As is my annual custom, I reject the self-help of others. Instead, I make a to-do list.

If you follow the hallowed tradition of the New Year’s to-do list, I salute you in the spirit of this season.

Because, basically, there is no quicker path to the heart of January despair than that little yellow Post-it full of Big Things we need to get done.

My lists will be decorating my desk, my kitchen counter and occasionally the fridge all season long, cheerfully taunting me about all that I am not getting done as I race past on the way to do something else. Some of them will slowly slink away into notebooks and pockets and other places where I will discover them, months later, with a nostalgic rush of pure panic. No, I still haven’t reconfigured my kitchen storage. Or dealt with the years of photos on my phone/computer.

As celebratory as all this sounds, I’m willing to admit that there might be a better way.
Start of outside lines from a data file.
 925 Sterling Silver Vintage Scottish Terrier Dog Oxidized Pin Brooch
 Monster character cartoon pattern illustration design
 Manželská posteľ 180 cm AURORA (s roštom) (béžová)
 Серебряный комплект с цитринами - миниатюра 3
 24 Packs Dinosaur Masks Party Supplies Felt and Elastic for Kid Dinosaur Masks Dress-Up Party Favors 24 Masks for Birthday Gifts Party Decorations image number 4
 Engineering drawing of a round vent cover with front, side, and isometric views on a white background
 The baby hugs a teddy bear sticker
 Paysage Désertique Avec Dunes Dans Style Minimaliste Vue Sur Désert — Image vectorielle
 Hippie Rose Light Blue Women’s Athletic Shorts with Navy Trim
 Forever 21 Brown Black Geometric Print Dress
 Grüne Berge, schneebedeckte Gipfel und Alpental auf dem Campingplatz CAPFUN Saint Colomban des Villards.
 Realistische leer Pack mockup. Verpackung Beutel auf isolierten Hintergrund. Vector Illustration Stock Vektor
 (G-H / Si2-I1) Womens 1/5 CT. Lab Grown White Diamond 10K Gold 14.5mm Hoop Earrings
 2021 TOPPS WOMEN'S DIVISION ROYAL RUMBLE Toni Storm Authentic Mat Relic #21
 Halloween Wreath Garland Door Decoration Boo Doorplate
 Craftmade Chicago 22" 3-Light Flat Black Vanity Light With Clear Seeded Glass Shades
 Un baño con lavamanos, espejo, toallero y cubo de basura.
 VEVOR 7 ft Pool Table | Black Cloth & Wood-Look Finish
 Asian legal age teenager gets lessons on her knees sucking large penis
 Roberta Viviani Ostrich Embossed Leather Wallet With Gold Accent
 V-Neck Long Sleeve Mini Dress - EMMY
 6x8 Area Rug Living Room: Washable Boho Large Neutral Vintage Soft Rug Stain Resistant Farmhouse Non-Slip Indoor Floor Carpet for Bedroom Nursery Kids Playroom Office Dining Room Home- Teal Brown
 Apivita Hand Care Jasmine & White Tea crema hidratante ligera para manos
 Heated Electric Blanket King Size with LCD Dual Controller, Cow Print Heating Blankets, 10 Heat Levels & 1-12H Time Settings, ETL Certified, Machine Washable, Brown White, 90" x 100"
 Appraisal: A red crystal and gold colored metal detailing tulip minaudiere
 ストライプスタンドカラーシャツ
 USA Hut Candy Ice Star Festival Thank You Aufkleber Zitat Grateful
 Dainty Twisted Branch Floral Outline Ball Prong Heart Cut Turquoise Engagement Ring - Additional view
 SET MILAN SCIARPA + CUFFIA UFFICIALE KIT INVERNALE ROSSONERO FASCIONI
Which is why I called up Stephanie Sarkis, a psychologist and author who has written about something called the Zeigarnik effect.

Named after a Soviet psychologist who got inspired while sitting around in a cafe (she was intrigued by her waiter’s ability to remember a long list of orders), the Zeigarnik effect notes that we remember interrupted tasks much more clearly and urgently than we recall completed ones. Those unfinished tasks take up a lot of space in our heads, like an itch that our brains just can’t scratch.

“Our brains need closure,” says Sarkis. “We need to wrap things up, we crave completion.” Thus, the anxiety that sets in when we realize that we still haven’t crossed “Foster new healthy relationship with co-workers” or “Clean out the closet” off our lists.

As any self-help book worth its future spot on the Salvation Army shelves will tell you, you’re doing it wrong.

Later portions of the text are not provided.